Sauf que des statistiques, et des médecins, François se fout : il passe son bac à la fin de cette année, il dit à ses parents qu’ils ne vont pas tout de suite se débarrasser de lui (on peut être handicapé et ado...), il s’éclate avec la chienne d’accompagnement qu’il souhaitait et dont il vient d’être pourvu...

Rien, chez ce grand jeune homme, n’appelle commisération ni appréhension. Ni les tuyaux du respirateur, ni la position cassée, ni les membres en vrac. Seuls, au premier plan, le sourire dévastateur et le regard noir, des fous rires incontrôlables (et dangereux), des coups de gueules irrépressibles, nécessaires et justifiés.
Des mots insupportables pour ceux qui l’aiment, des mots qui disent qu’il a tout compris - au-delà des mots. « Je vais mourir. Peut-être bientôt. Mais vous aussi. On ne sait pas quand. Mais pour le moment, je suis vivant. Alors arrêtez vos gueules d’enterrement ! »

On n’accompagne pas un gamin comme ça, ni dans sa scolarité, ni dans sa vie. C’est lui qui vous accompagne, qui vous montre ce qui est possible, qui vous dit ce qu’il vaut mieux éviter. Qui vous montre le chemin à parcourir puisqu’il y a belle lurette que son chemin à lui, c’est le moteur de son fauteuil qui le permet.
Le réel est tenace. Il pèse de tout son poids de réel. Et le réel ce n’est pas que la kiné respiratoire, les fausses routes, les changes acrobatiques. C’est aussi cette envie de vie, jamais battue, si parfois abattue. Lorsque Lady s’élance dans le jardin, c’est François qui lui court après. Immobile dans son fauteuil. Les autres, autour, qui essaient de la rattraper, sont pesants, sans grâce, tétanisés.

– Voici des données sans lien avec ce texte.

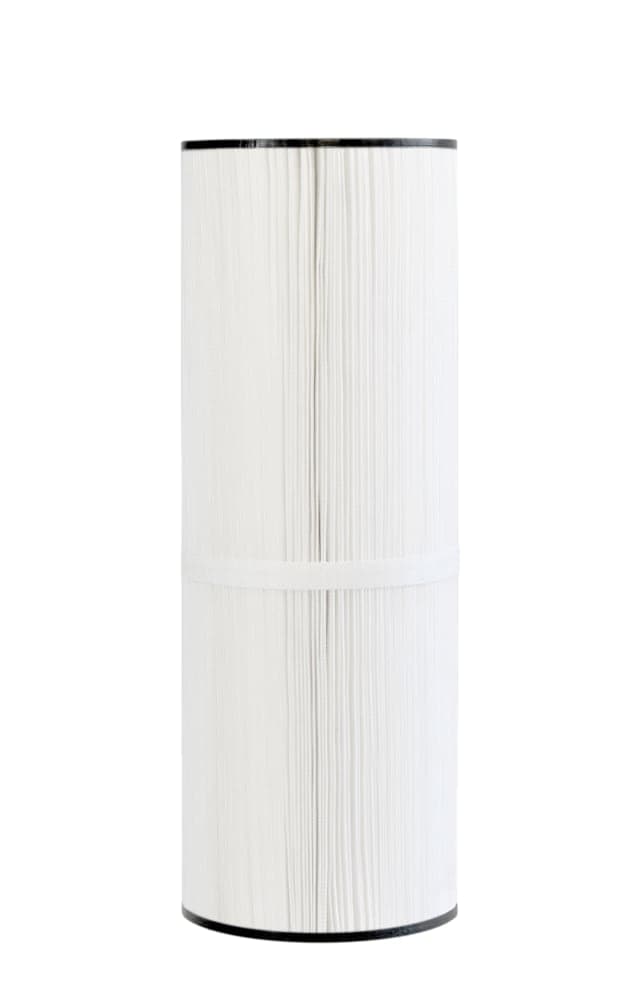Spa Filter Rec Warehouse 75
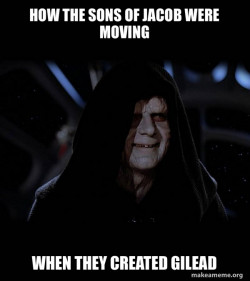 Sith Lord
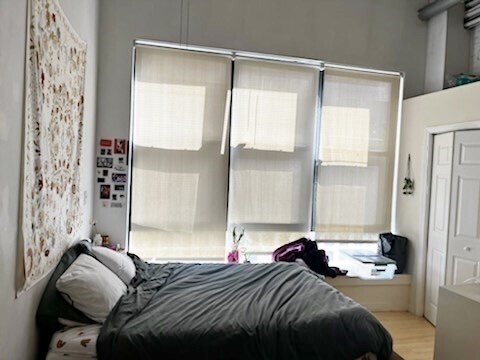 Building Photo - 121 Beach St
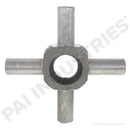 DIFFERENTIAL SPIDER 32KH228A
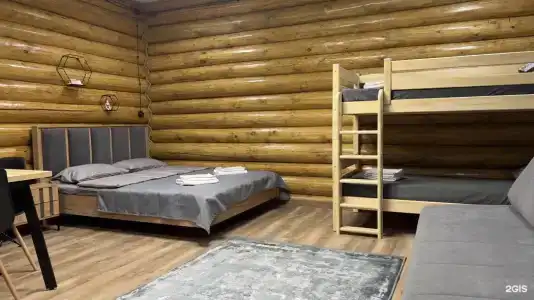 Нарат - 36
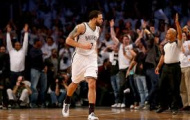 Video NBA: Sự chuẩn bị của Brooklyn Nets trước thềm mùa giải mới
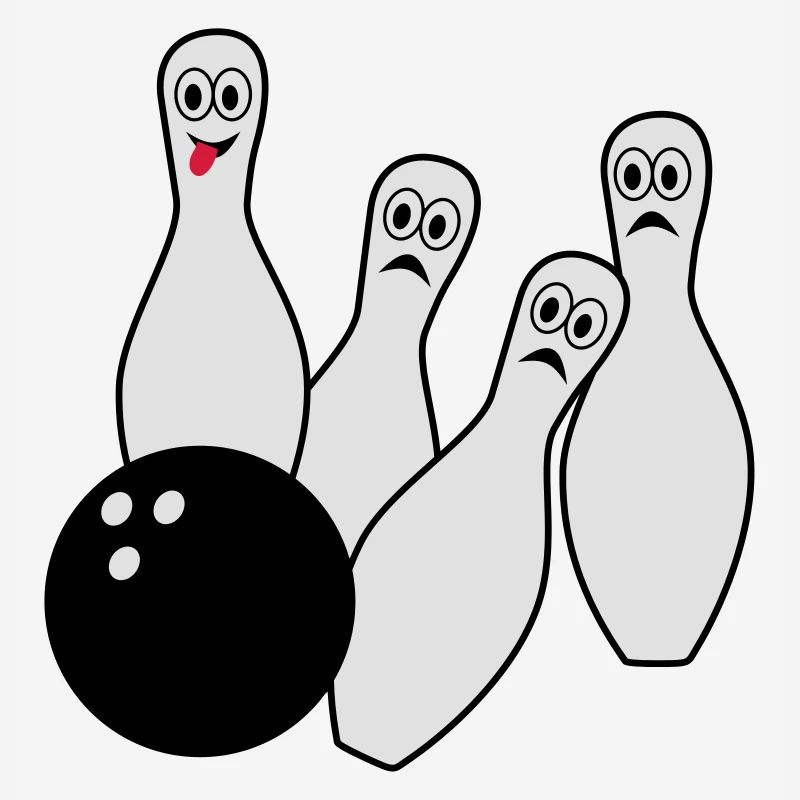 Bowling (super cheap!)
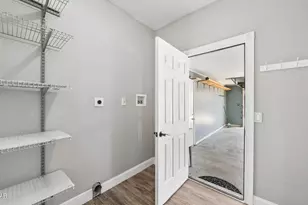1403 New Jersey Ave, Lynn Haven, FL 32444 - Photo 38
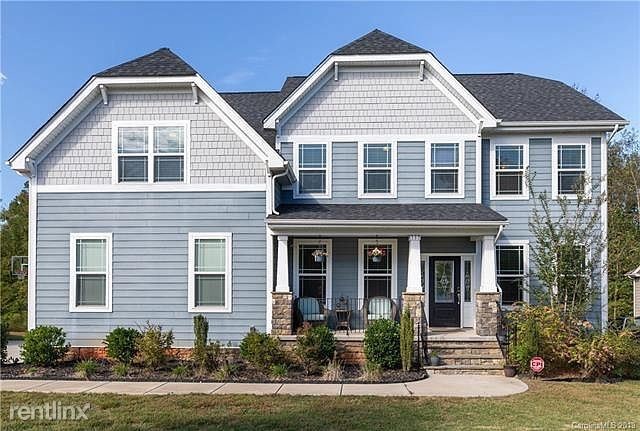 Primary Photo - 6 br, 4 bath House - 777 Spyglass way
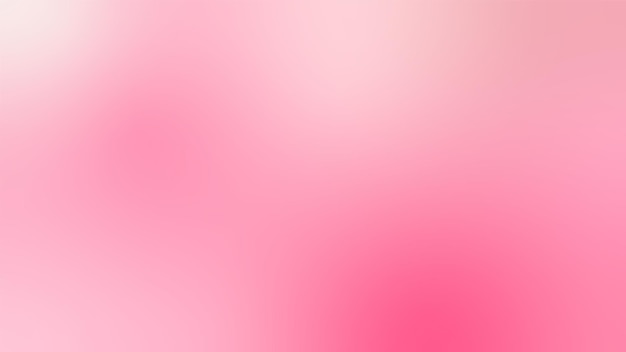 Fondo rosa con un fondo rosa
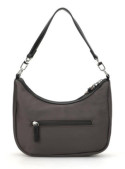 Cartera de mujer J811 POLLINI gris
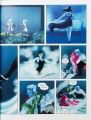 Фото Lore Olympus. Volume 6 2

Ce métier me rendra fou. De douleur. D’admiration. Il me faudra aller voir ailleurs. Que ma vie professionnelle ne finisse pas par rendre fade ma vie personnelle. Que je continue à savoir accueillir le banal, le quotidien pour ce qu’il est : la vraie vie aussi, même si quotidienne, même si banale.
En attendant, François, tu es mes jambes, tu es mon souffle.
Garde-toi.

Rester vivant, tisser l’humain

Voilà, c’est tout, et pas grand chose. Avant tout, des rencontres, des espoirs fous, des colères noires, des coups de gueule et des larmes, des sourires et des soleils.
Ça fait un métier, de bric et de broc, plus bricoleur qu’ingénieur, qui contribue au commun, à sa mesure.
Un engagement, peut-être. Une manière, surtout, de rester vivant. Dans cet interstice, cet « entre », cet écart, dont on peut, ou pas, moduler la distance. En faisant chaque jour le pari que c’est dans cet écart, cet entre, cet interstice que se tisse de l’humain.